A bunch of things of small changes this first week of May.

  1. The qzpostfilt tool has a bug fix with inline <code> and a new close & open paragraph operator: .pp
  2. The is a search box on the blog to run tag searches
  3. The aaa_tags and paginateqz plugins have slight changes to make search results and later pages marked as such
  4. There are flavour template and css changes to go with that
  5. I have finished going through all old blog posts and fixing the easily fixable links.
  6. I have gone through all the old blog posts and fixed non-UTF-8 characters and title formatting.

Twitter Redux

To go along with the revived blog, I'm going to try to revive my Twitter account, also long dormant. I've added it to the side bar under the "contact" heading.

I've been working on blog stuff almost every day for the last week, but there's not a lot to show for it. Most of the work has been going through old posts, looking for dead links to fix or update. That's slow and not very visible work, yet afterwards I feel like I've done stuff for the blog and don't need to do more.

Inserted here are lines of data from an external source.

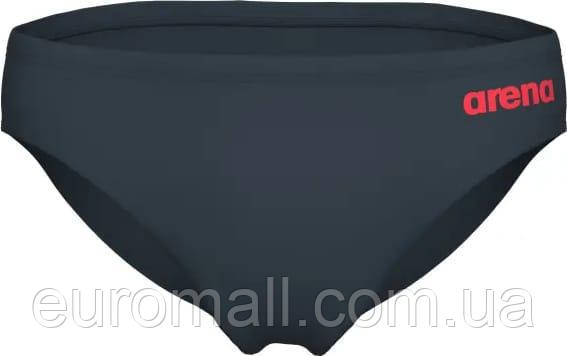 Плавки-сліпи для Чоловікиовіків Arena TEAM SWIM BRIEFS SOLID темно-сірий Чоловіки 75, фото 1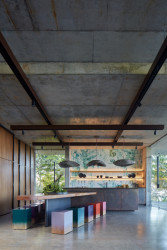 Art Villas Costa Rica, betonová Art Villa, Formafatal/ Dagmar Štěpánová + Refuel works/ Jan Skoupý, Zbyněk Ryška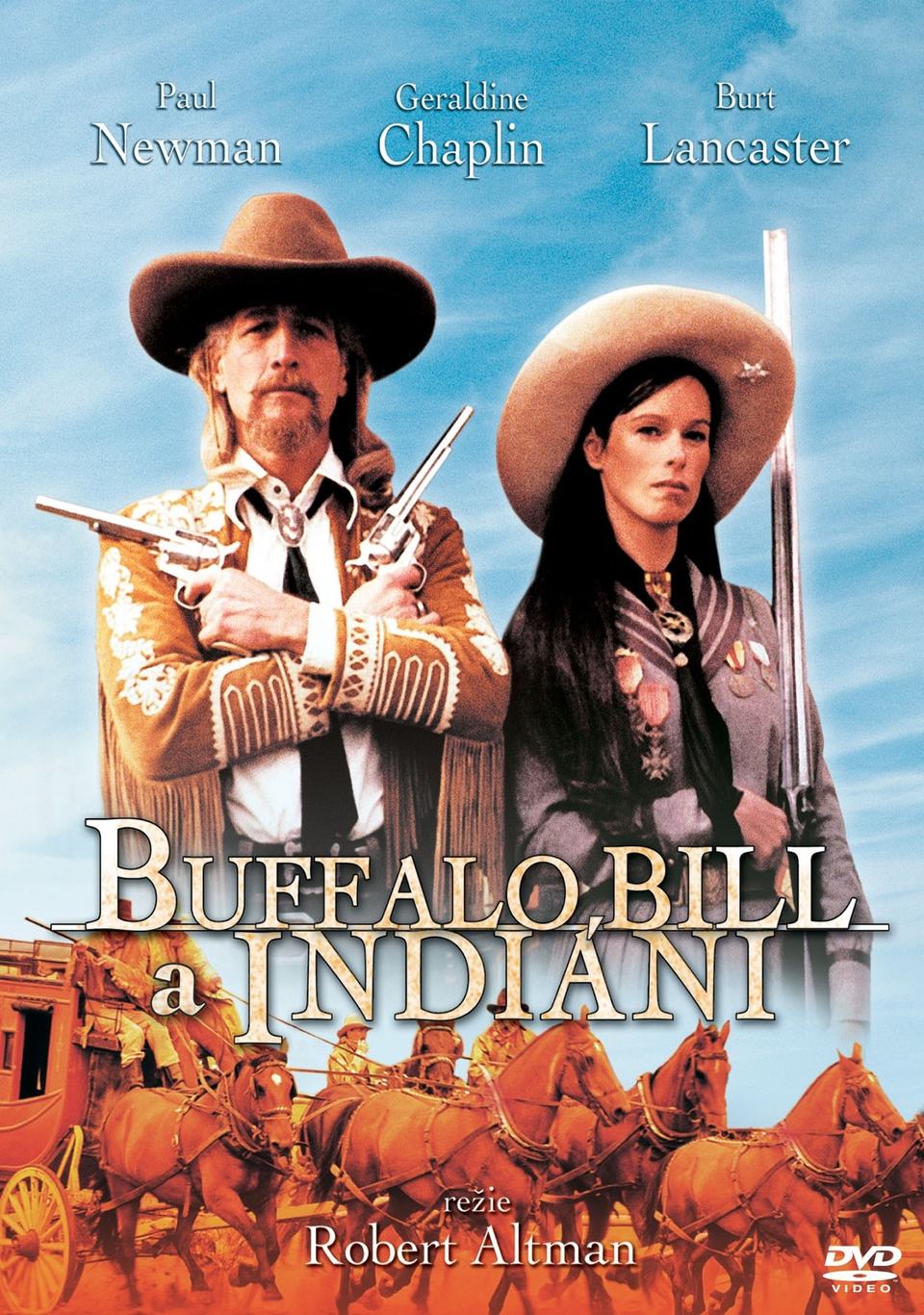 Film Buffalo Bill a indiáni aneb Lekce dějepisu Sedícího býka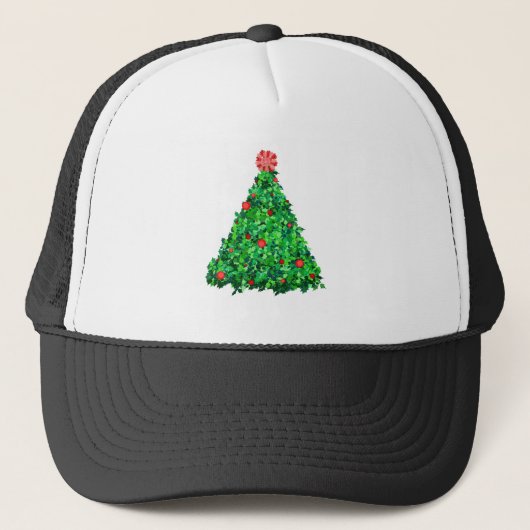 De Boom van de hulst Trucker Pet (Voorkant)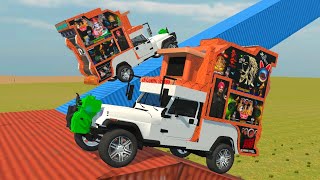 DRIVE DJ3 AND DJ 2 NAVRATRI SPECIAL INDIAN SIMULATOR 3D IN GAME 🔥dj gamingvideos djgame [upl. by Burtis]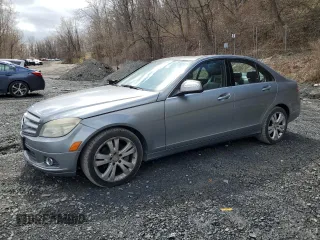 2009 Mercedes-Benz C-Class 3.0L Sport with VIN WDDGF81X99R065662, listed as a Copart auction lot 51287125 with 113,639 mi miles and Salvage Title. Bid and sale history available at carsss.com. Image 1.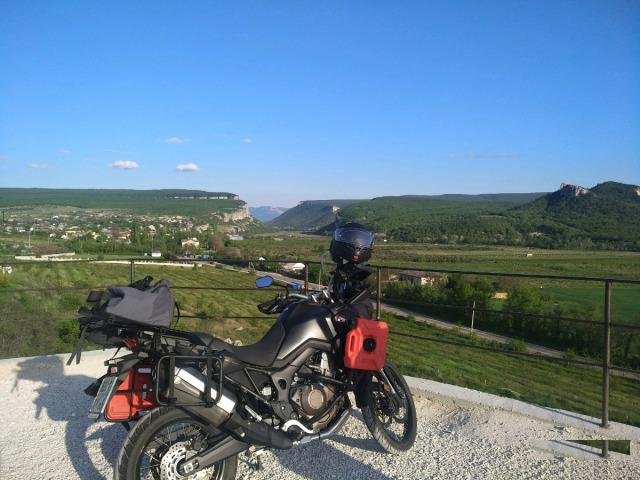 Honda Africa Twin 2018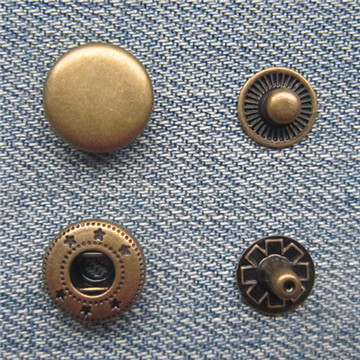 (SP-01)スナップ,金属用スナップボタンのジャケットの金属ボタンニッケル色の衣類のボタン衣類問屋・仕入れ・卸・卸売り
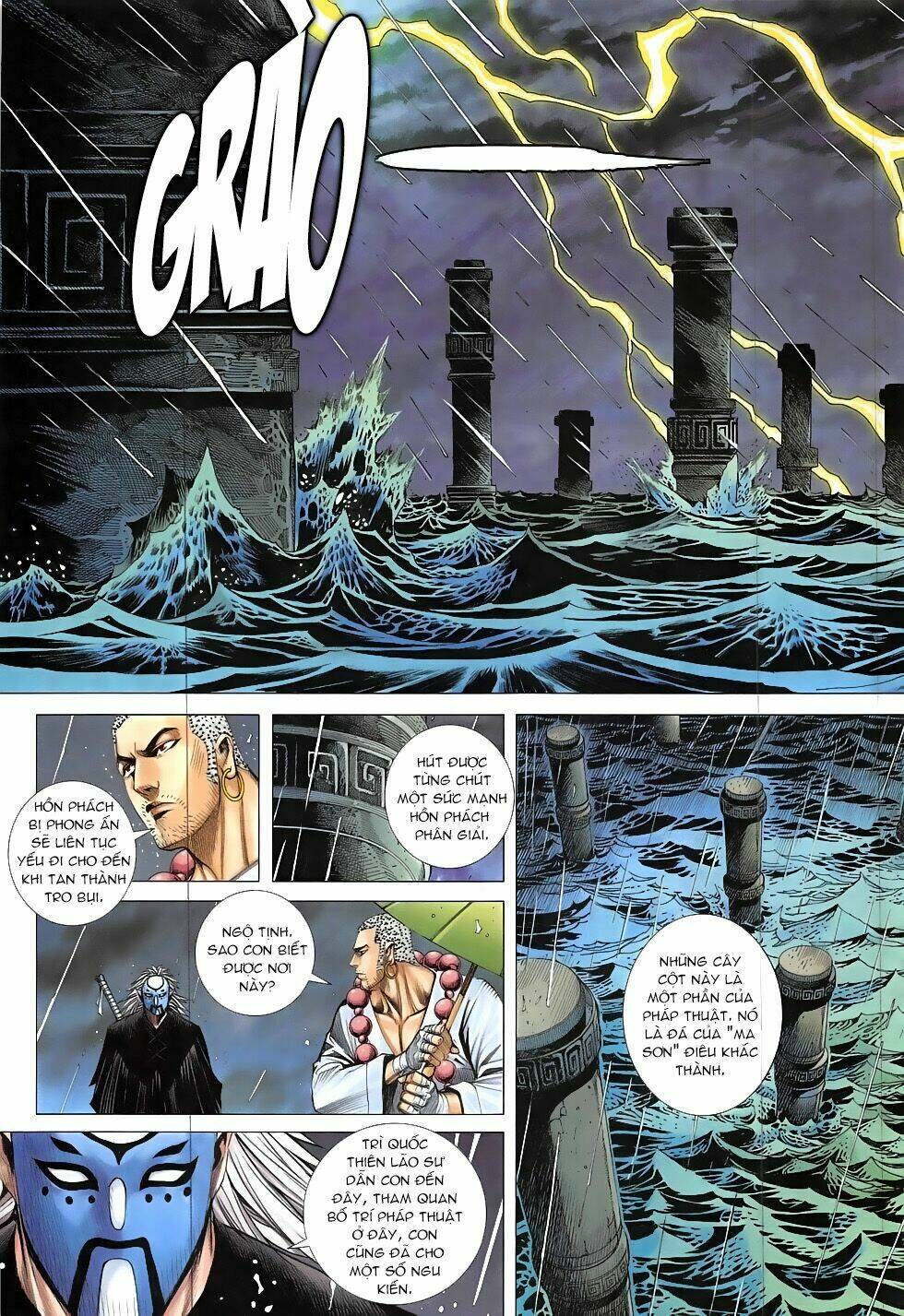 Tây Du Chapter 27 - Trang 2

The other thing I've been doing is figuring out why UTF-8 works in tags but not in body text. And the answer seems to be the Perl module FileHandle used by blosxom, which is a wrapper around IO::File these days, doesn't respect the use open IO => ':utf8' pragma. I've filed a bug report but I'll probably have to modify the code to fix that in a more timely fashion. sigh I was hoping to not have to make so many updates to the blosxom program itself.